* **Source data**
━━━━━━

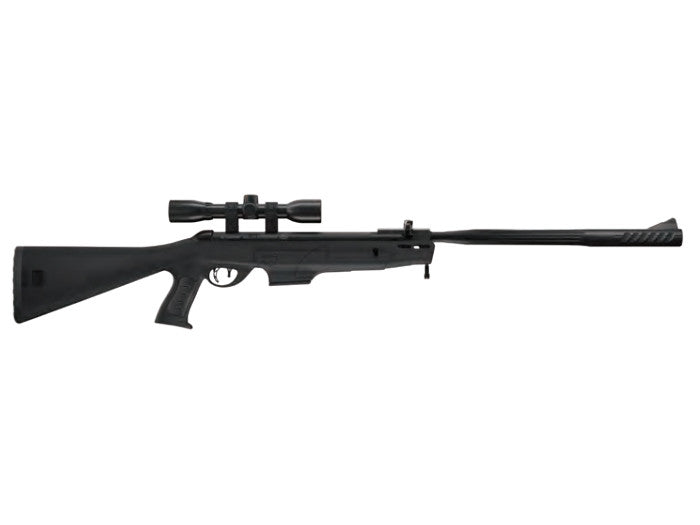 Crosman - Fire Diamondback .177 (Black)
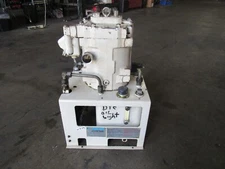 NDR OIL HYDRAULIC UNIT ROTOR PACK MODEL NDR151-103H-20  Lot 1092 Listed by Greg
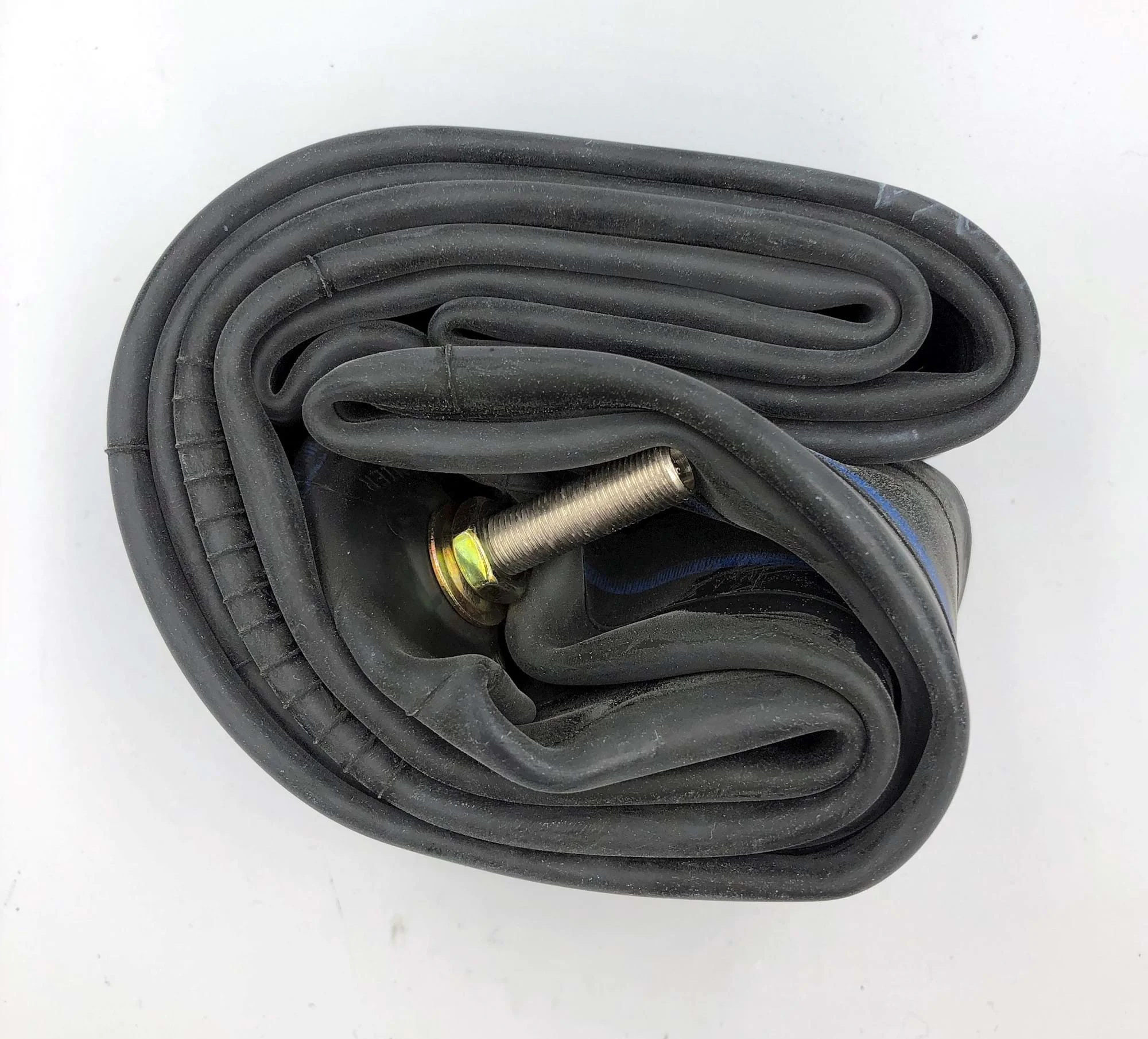 Elsparkcykelslang 8 tum 1/2x2 Av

━━━━━━

* **Directions for this task**
In the data above, find the line containing "NDR OIL HYDRAULIC"; from there, please write out each line through the end, exactly, with the pictures omitted.

* **Result**
 NDR OIL HYDRAULIC UNIT ROTOR PACK MODEL NDR151-103H-20  Lot 1092 Listed by Greg
 Elsparkcykelslang 8 tum 1/2x2 Av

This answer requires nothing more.